**ASSIGNED TASK**
A faithful transcription of all the data is required.

Crawled caption data:
#####

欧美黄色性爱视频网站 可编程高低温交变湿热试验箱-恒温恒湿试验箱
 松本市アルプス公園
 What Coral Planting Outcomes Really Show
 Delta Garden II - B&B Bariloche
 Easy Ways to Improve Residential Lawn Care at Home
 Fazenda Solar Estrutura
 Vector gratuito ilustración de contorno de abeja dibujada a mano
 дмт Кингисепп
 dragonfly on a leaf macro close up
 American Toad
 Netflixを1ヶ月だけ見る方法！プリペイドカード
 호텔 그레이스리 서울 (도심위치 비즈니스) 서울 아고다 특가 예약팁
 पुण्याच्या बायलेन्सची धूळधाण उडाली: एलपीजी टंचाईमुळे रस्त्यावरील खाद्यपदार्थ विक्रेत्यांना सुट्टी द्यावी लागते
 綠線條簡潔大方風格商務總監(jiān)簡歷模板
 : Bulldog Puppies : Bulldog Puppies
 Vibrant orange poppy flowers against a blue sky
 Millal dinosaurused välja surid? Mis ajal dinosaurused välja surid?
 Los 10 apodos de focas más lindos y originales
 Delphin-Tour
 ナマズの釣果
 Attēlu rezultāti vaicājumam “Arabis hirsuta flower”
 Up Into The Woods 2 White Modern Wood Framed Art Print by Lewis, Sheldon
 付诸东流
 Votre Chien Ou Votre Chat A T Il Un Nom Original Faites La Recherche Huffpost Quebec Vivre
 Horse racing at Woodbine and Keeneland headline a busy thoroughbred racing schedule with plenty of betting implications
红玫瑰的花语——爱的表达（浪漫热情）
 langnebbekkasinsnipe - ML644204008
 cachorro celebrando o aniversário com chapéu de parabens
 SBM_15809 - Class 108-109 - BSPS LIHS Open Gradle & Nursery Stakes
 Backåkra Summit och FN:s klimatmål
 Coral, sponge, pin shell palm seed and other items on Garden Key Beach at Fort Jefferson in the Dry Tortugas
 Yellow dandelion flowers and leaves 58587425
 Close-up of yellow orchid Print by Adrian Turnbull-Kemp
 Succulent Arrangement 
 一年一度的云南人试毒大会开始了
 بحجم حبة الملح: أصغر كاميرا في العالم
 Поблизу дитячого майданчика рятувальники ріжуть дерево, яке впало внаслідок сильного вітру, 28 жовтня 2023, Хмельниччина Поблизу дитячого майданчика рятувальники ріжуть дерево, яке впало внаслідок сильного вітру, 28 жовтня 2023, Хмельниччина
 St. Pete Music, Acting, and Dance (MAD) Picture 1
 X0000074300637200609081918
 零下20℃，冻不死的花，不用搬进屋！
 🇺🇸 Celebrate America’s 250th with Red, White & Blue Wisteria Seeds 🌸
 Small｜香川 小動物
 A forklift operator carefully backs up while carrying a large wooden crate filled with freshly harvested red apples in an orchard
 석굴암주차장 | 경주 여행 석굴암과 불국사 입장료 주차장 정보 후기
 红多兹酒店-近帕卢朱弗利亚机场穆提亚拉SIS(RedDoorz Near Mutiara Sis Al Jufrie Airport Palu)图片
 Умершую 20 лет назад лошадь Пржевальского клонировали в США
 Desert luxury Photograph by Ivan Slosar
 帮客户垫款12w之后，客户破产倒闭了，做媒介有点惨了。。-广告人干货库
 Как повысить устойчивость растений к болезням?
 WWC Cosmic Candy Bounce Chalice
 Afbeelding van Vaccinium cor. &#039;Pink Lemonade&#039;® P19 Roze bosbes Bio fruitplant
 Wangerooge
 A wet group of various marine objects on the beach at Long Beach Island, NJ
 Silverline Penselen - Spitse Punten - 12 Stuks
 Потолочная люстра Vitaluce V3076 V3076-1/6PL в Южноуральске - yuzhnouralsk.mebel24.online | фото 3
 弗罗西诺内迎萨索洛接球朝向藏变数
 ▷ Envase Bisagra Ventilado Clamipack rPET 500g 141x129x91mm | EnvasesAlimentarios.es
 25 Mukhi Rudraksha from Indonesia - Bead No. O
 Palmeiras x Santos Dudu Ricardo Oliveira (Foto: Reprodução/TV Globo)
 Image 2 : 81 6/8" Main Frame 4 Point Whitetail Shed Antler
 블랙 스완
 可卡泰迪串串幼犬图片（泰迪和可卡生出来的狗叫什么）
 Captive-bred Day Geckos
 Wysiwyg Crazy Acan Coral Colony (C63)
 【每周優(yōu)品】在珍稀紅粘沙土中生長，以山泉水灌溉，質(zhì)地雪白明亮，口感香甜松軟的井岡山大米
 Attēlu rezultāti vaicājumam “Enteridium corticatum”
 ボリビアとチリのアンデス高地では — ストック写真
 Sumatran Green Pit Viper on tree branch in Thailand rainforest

#####

**RESULT OF THE EXERCISE**
欧美黄色性爱视频网站 可编程高低温交变湿热试验箱-恒温恒湿试验箱
 松本市アルプス公園
 What Coral Planting Outcomes Really Show
 Delta Garden II - B&B Bariloche
 Easy Ways to Improve Residential Lawn Care at Home
 Fazenda Solar Estrutura
 Vector gratuito ilustración de contorno de abeja dibujada a mano
 дмт Кингисепп
 dragonfly on a leaf macro close up
 American Toad
 Netflixを1ヶ月だけ見る方法！プリペイドカード
 호텔 그레이스리 서울 (도심위치 비즈니스) 서울 아고다 특가 예약팁
 पुण्याच्या बायलेन्सची धूळधाण उडाली: एलपीजी टंचाईमुळे रस्त्यावरील खाद्यपदार्थ विक्रेत्यांना सुट्टी द्यावी लागते
 綠線條簡潔大方風格商務總監(jiān)簡歷模板
 : Bulldog Puppies : Bulldog Puppies
 Vibrant orange poppy flowers against a blue sky
 Millal dinosaurused välja surid? Mis ajal dinosaurused välja surid?
 Los 10 apodos de focas más lindos y originales
 Delphin-Tour
 ナマズの釣果
 Attēlu rezultāti vaicājumam “Arabis hirsuta flower”
 Up Into The Woods 2 White Modern Wood Framed Art Print by Lewis, Sheldon
 付诸东流
 Votre Chien Ou Votre Chat A T Il Un Nom Original Faites La Recherche Huffpost Quebec Vivre
 Horse racing at Woodbine and Keeneland headline a busy thoroughbred racing schedule with plenty of betting implications
红玫瑰的花语——爱的表达（浪漫热情）
 langnebbekkasinsnipe - ML644204008
 cachorro celebrando o aniversário com chapéu de parabens
 SBM_15809 - Class 108-109 - BSPS LIHS Open Gradle & Nursery Stakes
 Backåkra Summit och FN:s klimatmål
 Coral, sponge, pin shell palm seed and other items on Garden Key Beach at Fort Jefferson in the Dry Tortugas
 Yellow dandelion flowers and leaves 58587425
 Close-up of yellow orchid Print by Adrian Turnbull-Kemp
 Succulent Arrangement 
 一年一度的云南人试毒大会开始了
 بحجم حبة الملح: أصغر كاميرا في العالم
 Поблизу дитячого майданчика рятувальники ріжуть дерево, яке впало внаслідок сильного вітру, 28 жовтня 2023, Хмельниччина Поблизу дитячого майданчика рятувальники ріжуть дерево, яке впало внаслідок сильного вітру, 28 жовтня 2023, Хмельниччина
 St. Pete Music, Acting, and Dance (MAD) Picture 1
 X0000074300637200609081918
 零下20℃，冻不死的花，不用搬进屋！
 🇺🇸 Celebrate America’s 250th with Red, White & Blue Wisteria Seeds 🌸
 Small｜香川 小動物
 A forklift operator carefully backs up while carrying a large wooden crate filled with freshly harvested red apples in an orchard
 석굴암주차장 | 경주 여행 석굴암과 불국사 입장료 주차장 정보 후기
 红多兹酒店-近帕卢朱弗利亚机场穆提亚拉SIS(RedDoorz Near Mutiara Sis Al Jufrie Airport Palu)图片
 Умершую 20 лет назад лошадь Пржевальского клонировали в США
 Desert luxury Photograph by Ivan Slosar
 帮客户垫款12w之后，客户破产倒闭了，做媒介有点惨了。。-广告人干货库
 Как повысить устойчивость растений к болезням?
 WWC Cosmic Candy Bounce Chalice
 Afbeelding van Vaccinium cor. &#039;Pink Lemonade&#039;® P19 Roze bosbes Bio fruitplant
 Wangerooge
 A wet group of various marine objects on the beach at Long Beach Island, NJ
 Silverline Penselen - Spitse Punten - 12 Stuks
 Потолочная люстра Vitaluce V3076 V3076-1/6PL в Южноуральске - yuzhnouralsk.mebel24.online | фото 3
 弗罗西诺内迎萨索洛接球朝向藏变数
 ▷ Envase Bisagra Ventilado Clamipack rPET 500g 141x129x91mm | EnvasesAlimentarios.es
 25 Mukhi Rudraksha from Indonesia - Bead No. O
 Palmeiras x Santos Dudu Ricardo Oliveira (Foto: Reprodução/TV Globo)
 Image 2 : 81 6/8" Main Frame 4 Point Whitetail Shed Antler
 블랙 스완
 可卡泰迪串串幼犬图片（泰迪和可卡生出来的狗叫什么）
 Captive-bred Day Geckos
 Wysiwyg Crazy Acan Coral Colony (C63)
 【每周優(yōu)品】在珍稀紅粘沙土中生長，以山泉水灌溉，質(zhì)地雪白明亮，口感香甜松軟的井岡山大米
 Attēlu rezultāti vaicājumam “Enteridium corticatum”
 ボリビアとチリのアンデス高地では — ストック写真
 Sumatran Green Pit Viper on tree branch in Thailand rainforest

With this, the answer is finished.